> _SUPPLIED RECORDS_
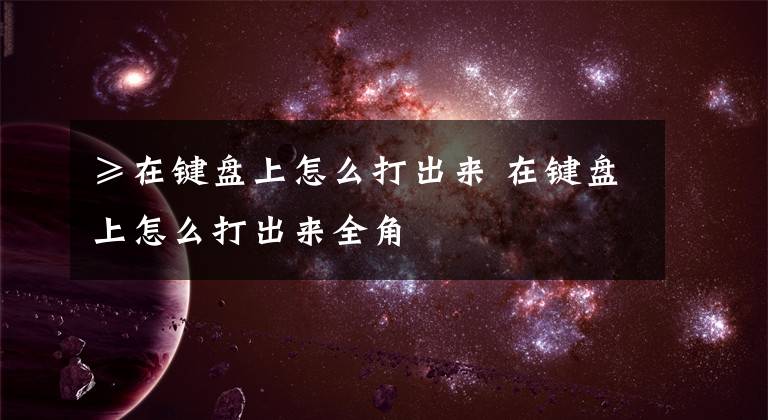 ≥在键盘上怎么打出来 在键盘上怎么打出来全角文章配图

...

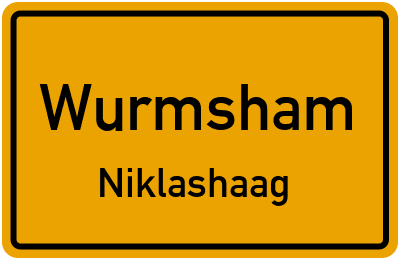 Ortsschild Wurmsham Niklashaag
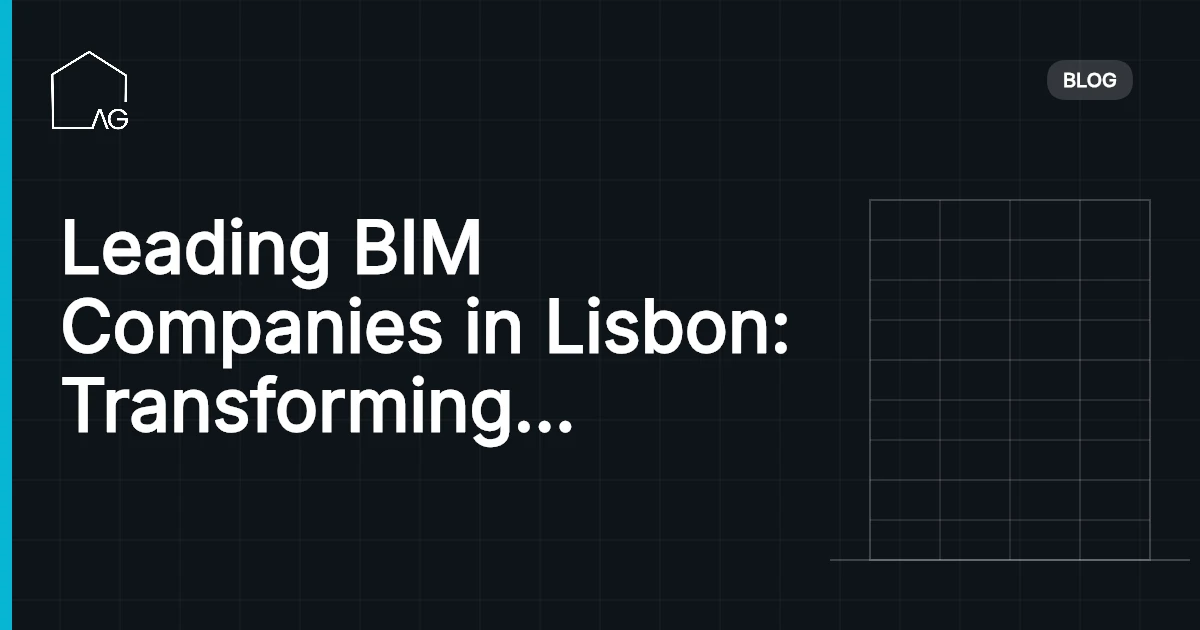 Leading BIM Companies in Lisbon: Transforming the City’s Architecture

...

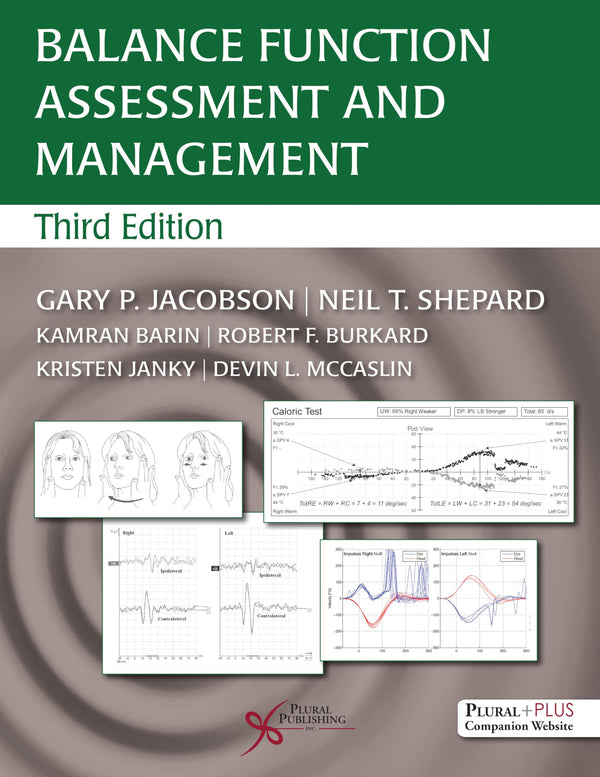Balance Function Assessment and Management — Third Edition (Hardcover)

> _DESCRIPTION OF THE TASK_
Copy word for word the span of the records above that begins at the line with "Ortsschild Wurmsham Niklashaag" and ends at the line with "Leading BIM Companies", including those two lines but not the pictures.

> _ANSWER FOR THE TASK_
 Ortsschild Wurmsham Niklashaag
 Leading BIM Companies in Lisbon: Transforming the City’s Architecture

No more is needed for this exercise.